Dans ces contrées, où les mœurs ne sont pas aussi libres que parmi nous, on imagina d’établir des maisons publiques, où se distribuoit le café. Celles de Perse devinrent bientôt des lieux infâmes ; & lorsque la cour eut fait cesser ces dissolutions révoltantes, ces maisons devinrent un asyle honnête pour des gens oisifs, & un lieu de délassement pour les hommes occupés. Les politiques s’y entretenoient de nouvelles ; les poëtes y récitoient leurs vers, & les mollachs leurs sermons.

Les choses ne se passèrent pas si paisiblement à Constantinople. On n’y eut pas plutôt ouvert les cafés qu’ils furent fréquentés avec fureur. D’après les représentations du grand muphti, le gouvernement fit fermer ces lieux publics ; & l’usage de cette liqueur fut interdit dans l’intérieur des familles. Un penchant décidé triompha de toutes ces sévérités ; on continua de boire du café, & même les lieux où il se distribuoit se trouvèrent bientôt en plus grand nombre qu’auparavant.

Au milieu du dernier siècle, le grand visir Koproli se transporta déguisé dans les principaux cafés de Constantinople ; il y trouva une foule de gens mécontens, qui, persuadés que les affaires du gouvernement sont en effet celles de chaque particulier, s’en entretenoient avec chaleur, & censuroient avec une hardiesse extrême la conduite des généraux & des ministres. Il passa de-là dans les tavernes où l’on vendoit du vin ; elles étoient remplies de gens simples, la plupart soldats, qui, accoutumés à regarder les intérêts de l’État comme ceux du prince qu’ils adorent en silence, chantoient gaiement, parloient de leurs amours, de leurs exploits guerriers. Ces dernières sociétés, qui n’entraînent point d’inconvéniens, lui parurent devoir être tolérées ; mais il jugea les premières dangereuses dans un état despotique ; il les supprima, & personne n’a entrepris depuis de les rétablir.
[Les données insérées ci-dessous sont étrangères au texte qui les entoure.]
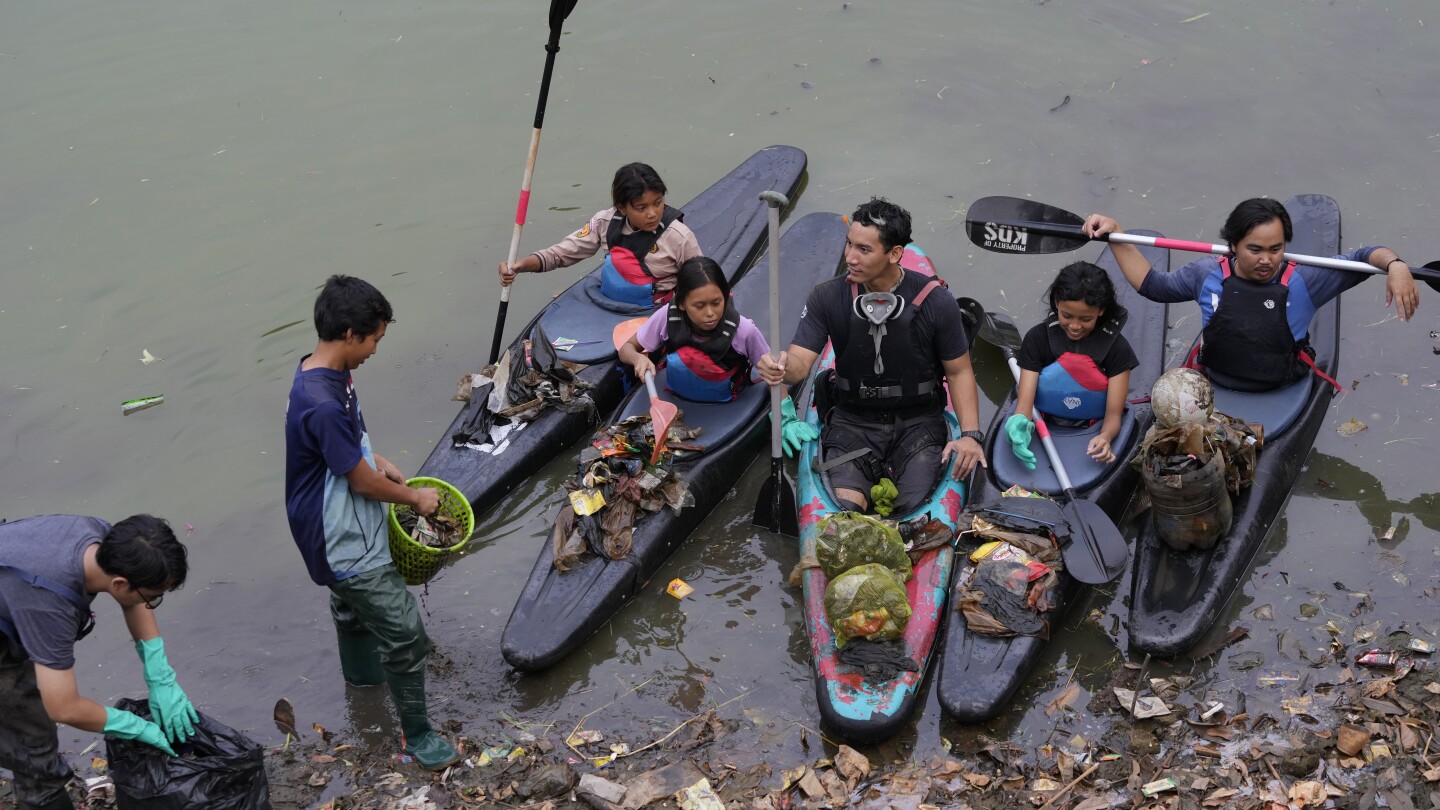 Indonesia’s youth clean up trash from waterways, but more permanent solutions are still elusive | AP News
Dans le tems précisément qu’on fermoit les cafés à Constantinople, on en ouvrit à Londres. Cette nouveauté y fut introduite en 1652, par un marchand nommé Edouard, qui revenoit du Levant. Elle se trouva du goût des anglois ; & toutes les nations de l’Europe l’ont depuis adoptée.

M. Aublet, à qui nous sommes redevables de l’Histoire des plantes de la Guyane françoise, en 4 volumes in-4o. n’est pas d’accord sur ce dernier point avec M. l’abbé Raynal. Il dit : on a des preuves que durant le règne de Louis XIII, on vendoit, sous le petit châtelet de Paris, de la décoction de café sous le nom de cahové, ou cahovet.

Il paroît, continue M. Aublet, que le premier pied de café qui a été cultivé au jardin du roi, y avoit été apporté par M. Ressons, officier d’artillerie ; mais ce pied ayant péri, M. Paneras, bourgmestre d’Amsterdam, envoya en 1714, un pied de café à Louis XIV, & il fut soigné au jardin royal des plantes de Paris. Son histoire est intéressante, parce qu’il a été le père des premières plantations de café dans nos îles d’Amérique.